Constant-mean-curvature surface

In differential geometry, constant-mean-curvature (CMC) surfaces are surfaces with constant mean curvature. This includes minimal surfaces as a subset, but typically they are treated as special case.

Note that these surfaces are generally different from constant Gaussian curvature surfaces, with the important exception of the sphere.

In 1841 Delaunay proved that the only surfaces of revolution with constant mean curvature were the surfaces obtained by rotating the roulettes of the conics. These are the plane, cylinder, sphere, the catenoid, the unduloid and nodoid.

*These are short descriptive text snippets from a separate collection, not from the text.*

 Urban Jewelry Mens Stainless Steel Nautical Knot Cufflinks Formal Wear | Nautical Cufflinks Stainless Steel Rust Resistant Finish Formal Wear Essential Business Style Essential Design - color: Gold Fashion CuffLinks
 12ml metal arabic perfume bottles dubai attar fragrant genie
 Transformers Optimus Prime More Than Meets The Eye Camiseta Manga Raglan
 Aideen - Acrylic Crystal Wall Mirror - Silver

In 1853 J. H. Jellet showed that if ${\displaystyle S}$ is a compact star-shaped surface in ${\displaystyle \mathbb {R} ^{3}}$ with constant mean curvature, then it is the standard sphere. Subsequently A. D. Alexandrov proved that a compact embedded surface in ${\displaystyle \mathbb {R} ^{3}}$ with constant mean curvature ${\displaystyle H\neq 0}$ must be a sphere. Based on this H. Hopf conjectured in 1956 that any immersed compact orientable constant mean curvature hypersurface in ${\displaystyle \mathbb {R} ^{n}}$must be a standard embedded ${\displaystyle n-1}$ sphere. This conjecture was disproven in 1982 by Wu-Yi Hsiang using a counterexample in ${\displaystyle \mathbb {R} ^{4}}$. In 1984 Henry C. Wente constructed the Wente torus, an immersion into ${\displaystyle \mathbb {R} ^{3}}$ of a torus with constant mean curvature.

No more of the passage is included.